COLLEGE STATION, Texas Affordable high speed fiber internet is coming to places like Austin, and possibly to Bryan - College Station as the College Station City Council continues on a plan to lure private development here.
The City of College Station is making the city's fiber optic system a new focus.
Fiber internet is available in some parts of are area but can cost hundreds of even thousands of dollars a month.
The City of College Station is now looking at options to possibly lease out some of the fiber they aren't already using.
James Benham has a passion for information technology.
He owns JB Knowledge, an IT company in Downtown Bryan, and is also a College Station City Council Member.
He says a fiber future will make work and play much better.
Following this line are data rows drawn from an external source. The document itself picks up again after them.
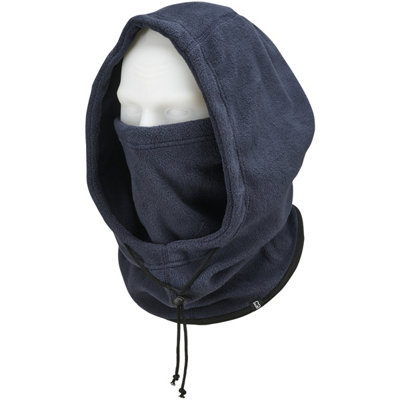 Brandit Arctic Balaclava Scarf Navy from B&Q
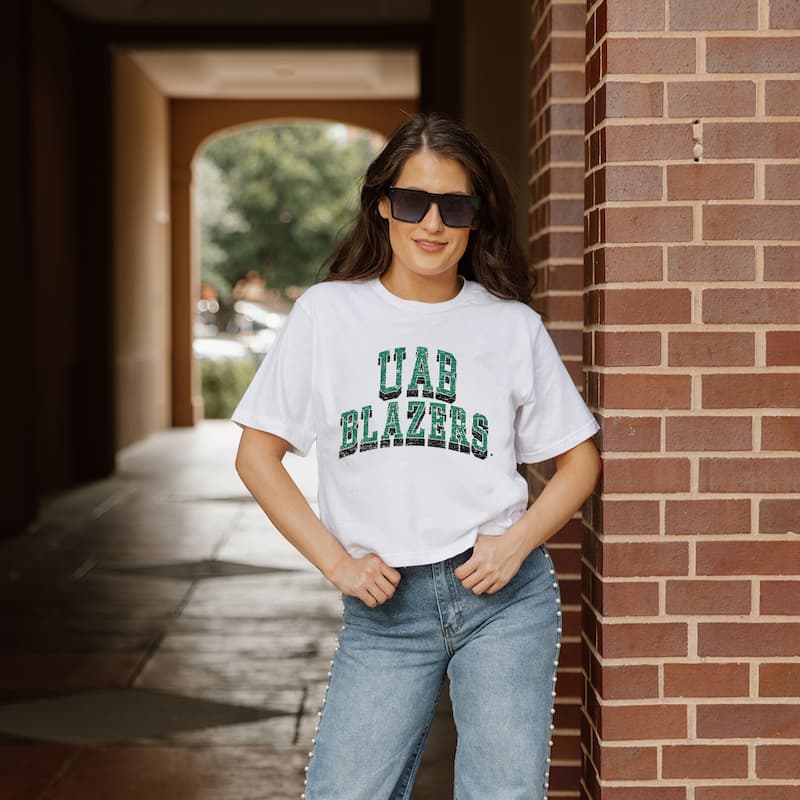 Gameday Couture Women's Claim To Fame Short Sleeve T-Shirt - UAB - Image 5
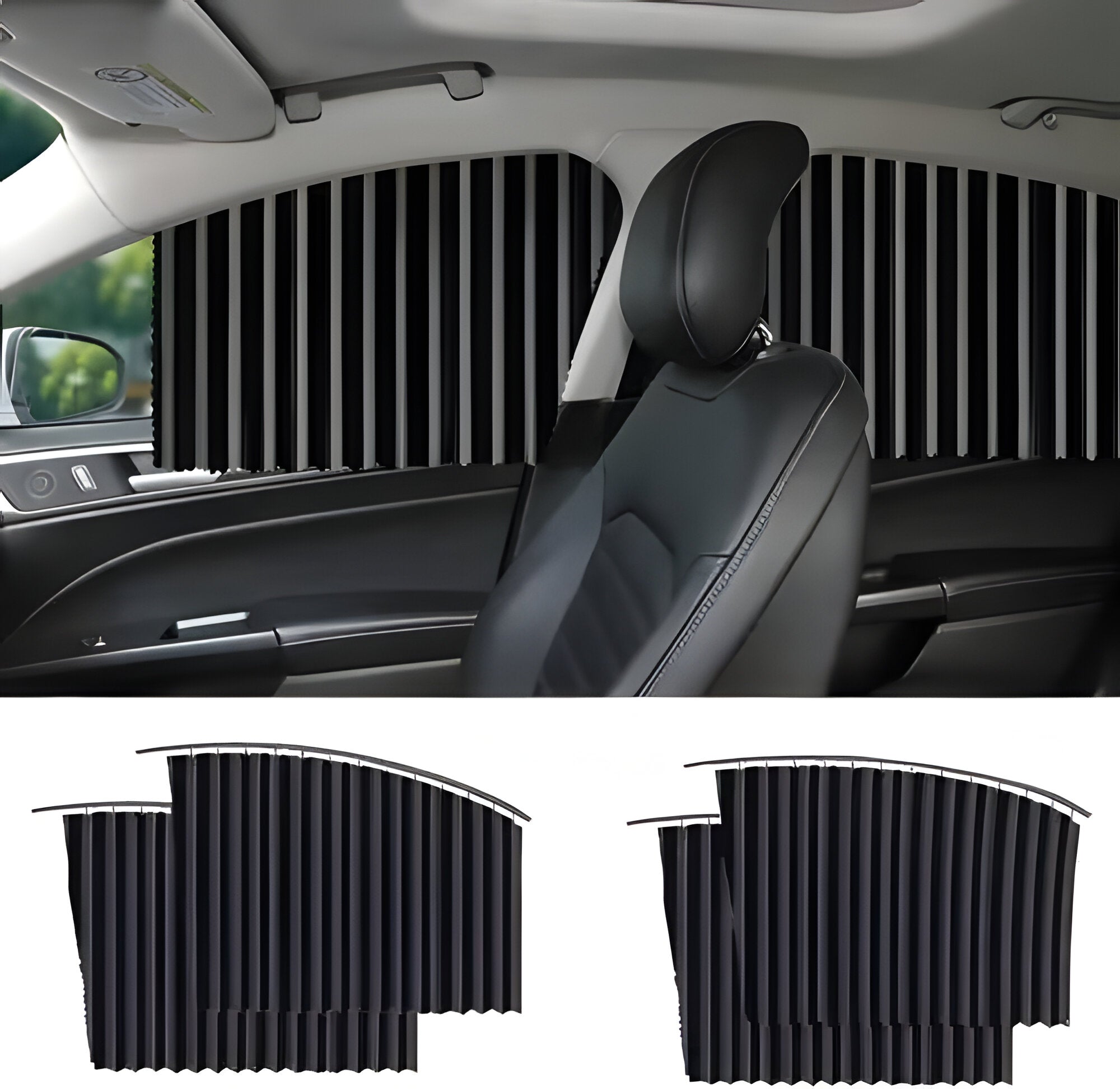 Car Window Shades | Smart Car Essential for a Cleaner, Safer & More Comfortable Drive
"I want to be able to Skype with my kids. I want to be able to Facetime with my grandkids. I want to be able to stream Netflix. What happens when Netflix starts streaming 1080 p content?," he said.
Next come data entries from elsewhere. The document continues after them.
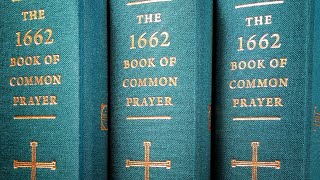 1662 Book of Common Prayer International Edition from IVP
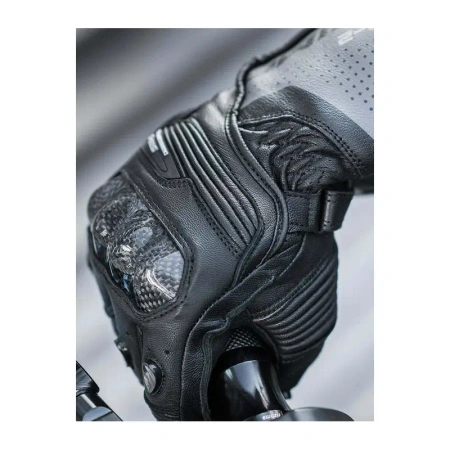 Rękawice Shima STR-2 Black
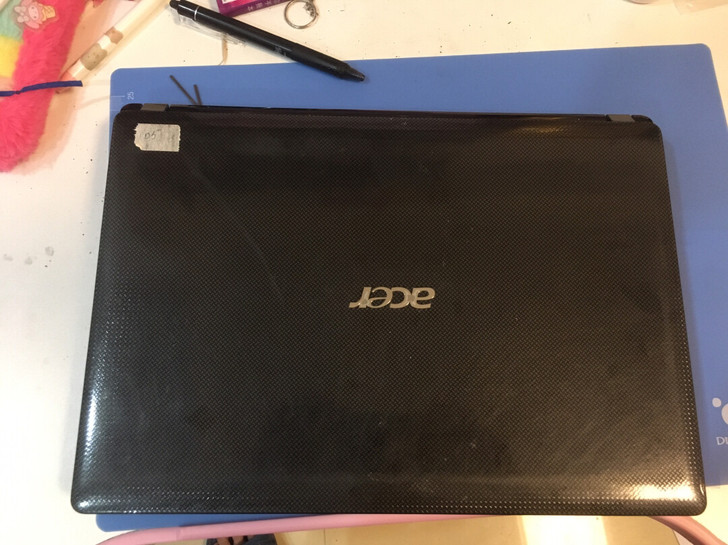 宏基 acer 4741 笔记本电脑  1...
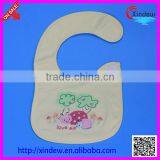 cotton baby's bib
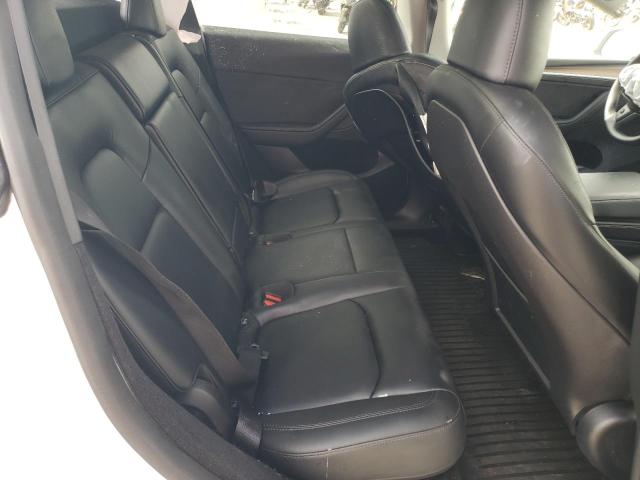Photo 11 from auction – 2023 TESLA MODEL Y with VIN 7SAYGDEE3PA059839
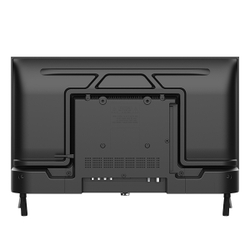 Телевизор 24" BQ 24F34B Black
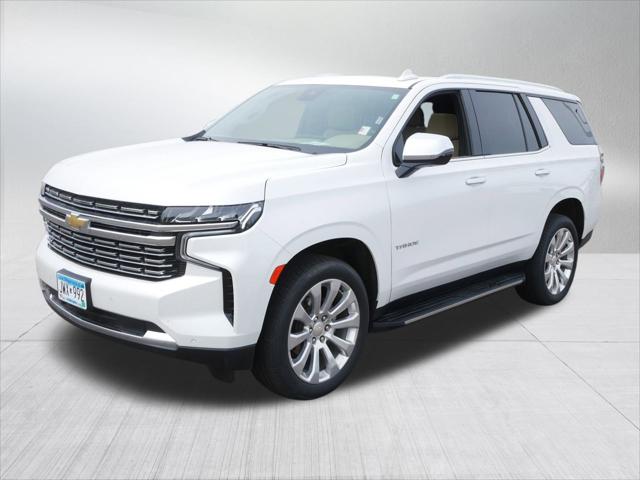 2023 Chevrolet Tahoe 4WD Premier 2023 Chevrolet Tahoe 4WD Premier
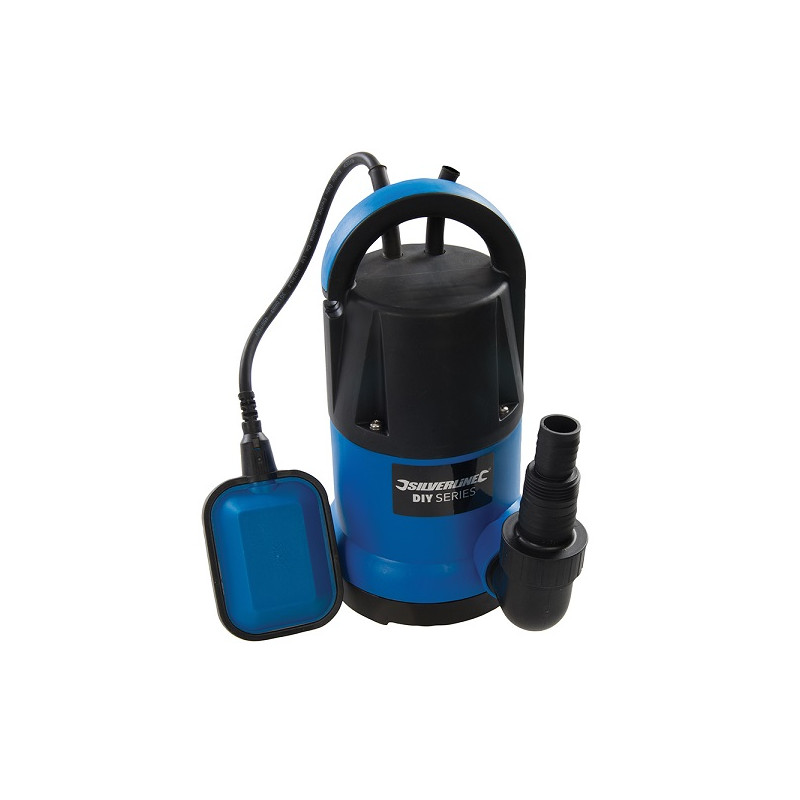 Pompe submersible à eau propre Silverline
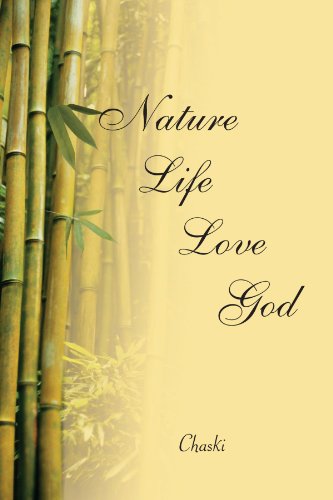 Cover for Chaski · Nature, Life, Love, God (Paperback Book) (2011)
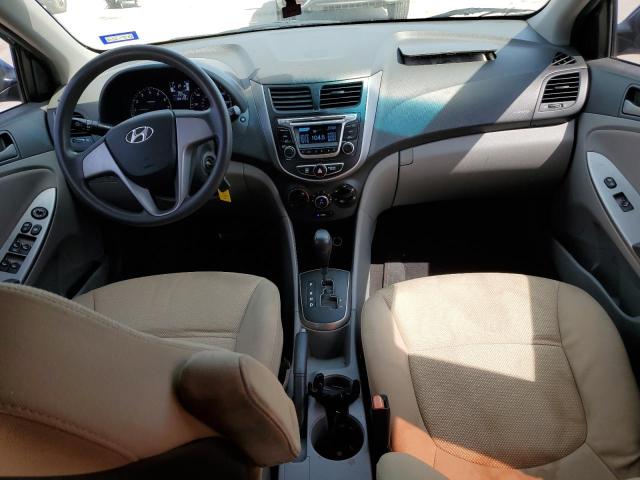 2017 Hyundai Accent Se VIN: KMHCT4AE0HU223077 Lot: 53745914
Thursday night the council directed staff to study options for attracting private development of an ultra high speed network for Bryan - College Station with connections up to 20 times faster than we have now.
"This wasn't ordinance or law. We didn't spend any money or buy anything, but we did say is that fiber optic and ultra high speed telecommunications is really important to the City of College Station," he said.
College Station already has more than 170 miles of fiber connecting things like traffic signals, city facilities and fire stations.
Options include allowing a private company to lease out unused fiber already on the ground, enabling the roll out of a high speed network to happen faster. They also want to consider laying more fiber for major roadway construction projects when things are already dug up.
"You have a light source at one end and it sends that light through the glass tube and out the other end and that's how you send information using fiber optic," said Ben Roper, College Station Information Technology Director.
"Think of it as a highway where your copper could be a two lane highway and the fiber is an eight lane freeway as far as from a capacity of information," Roper said.
The Research Valley Technology Council and city are asking for requests for information from companies interested in developing the network.
We're told Suddenlink has attended meetings and expressed an interest while Verizon is not.
Once it's built prices for you and me could be in the neighborhood of $100 a month for internet and TV.
Developers are hopeful the ultra high speed internet could come our way as fast as the next year and a half.